Baca juga: EKSKLUSIF | Takziyah ke rumah Ismail Haniyah di Doha
Baca juga: Netanyahu tambah syarat baru negosiasi untuk gencatan senjata
Gaza pegang kendali
Pembunuhan Haniyah, yang hampir pasti dilakukan oleh Israel, dianggap banyak pihak sebagai upaya Perdana Menteri Israel Benjamin Netanyahu menggagalkan negosiasi gencatan senjata. Dan, Haniyah adalah tokoh kunci dalam negosiasi.
Para analis menilai, dipilihnya Sinwar menunjukkan posisi sentral Gaza dalam visi politik Hamas.
“Dia [Sinwar] telah naik ke posisi berpengaruh di Hamas, memimpinnya di Gaza. Pilihan Hamas memilih dia sebagai pemimpin gerakan sekarang menempatkan Gaza di pusat, bukan hanya peristiwa di lapangan, tetapi juga dinamika dalam gerakan Hamas,” kata Nour Odeh, analis politik Palestina yang berbasis di Ramallah, kepada Al Jazeera.
“Dan ini benar-benar mengirimkan sinyal, sejauh menyangkut negosiasi gencatan senjata, bahwa Gaza yang mengendalikan.”
Hizbullah menyambut penunjukan Sinwar pada Selasa malam, menyebutnya sebagai pesan kuat kepada Israel dan Amerika Serikat, serta menunjukkan bahwa Hamas bersatu dalam pengambilan keputusan mereka.
“Memilih saudara Yahya Sinwar dari jantung Jalur Gaza yang terkepung – yang berada di garis depan bersama para pejuang perlawanan dan di antara anak-anak rakyatnya, di bawah puing-puing, blokade, pembunuhan, dan kelaparan – menegaskan kembali bahwa tujuan yang dicari musuh dengan membunuh para pemimpin telah gagal,” kata Hamas dalam satu pernyataan.

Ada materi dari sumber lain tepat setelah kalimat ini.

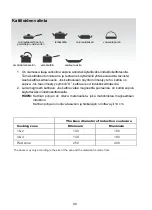 Предварительный просмотр 40 страницы Hoover HTP644DB1 Instruction Manual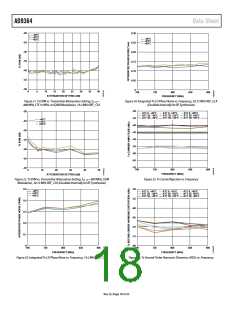 浏览型号AD9364BBCZ的Datasheet PDF文件第18页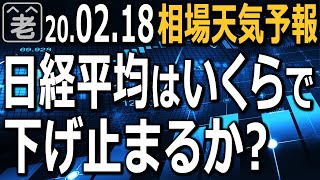 下落ムードが鮮明になってきた日本市場。日経平均はどこまで下げるのか？いくらで下げ止まるのか？チャート分析で解説。今日からスタート。CFDを使ったNYダウ、アメリカの個別銘柄の売買ポイント紹介。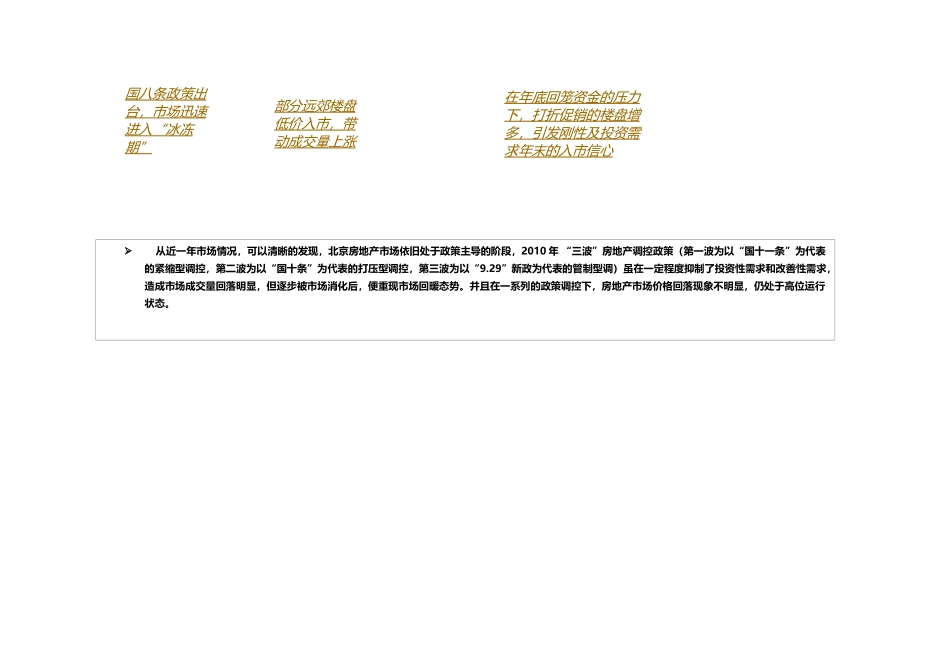北京商品住宅成交市场_第2页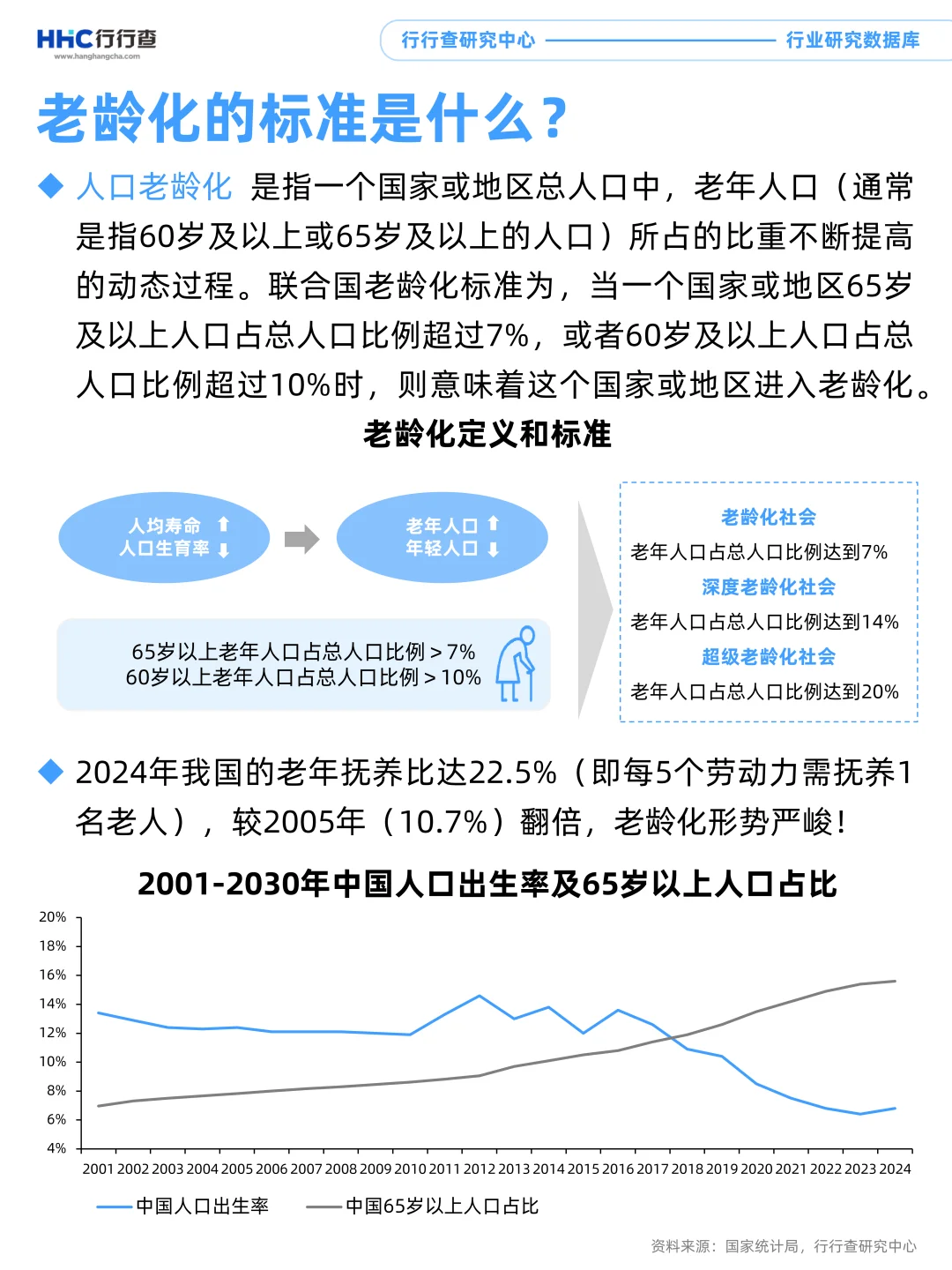 3分钟看懂行业：银发经济有哪些细分赛道？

Sinwar lahir di kamp pengungsi Gaza, di selatan Khan Younis. Sinwar adalah mantan kepala aparat keamanan Al-Majd, yang bertugas mengeliminasi warga Palestina yang dicurigai berkolaborasi dengan Israel. Ia menjadi pemimpin Hamas di Jalur Gaza pada tahun 2017.
Sinwar adalah salah satu dari beberapa pemimpin Hamas yang dicari oleh Pengadilan Kriminal Internasional (ICC) dengan tuduhan kejahatan perang yang dilakukan pada 7 Oktober.
Perintah penangkapan juga ditujukan untuk beberapa pemimpin Israel, termasuk Netanyahu dan kepala pertahanan Israel Yoav Gallant, atas dugaan kejahatan perang di Gaza.
Analis politik senior Aljazeera Marwan Bishara mengatakan, kelompok perlawanan Palestina memberi sinyal besar untuk fokus pada Gaza dan Sinwar.
“Kenyataan bahwa Hamas tidak akan kehilangan Gaza, bahwa Hamas akan tetap menjadi kekuatan di dalam Gaza, dan karena itu pemimpinnya ada di sana.”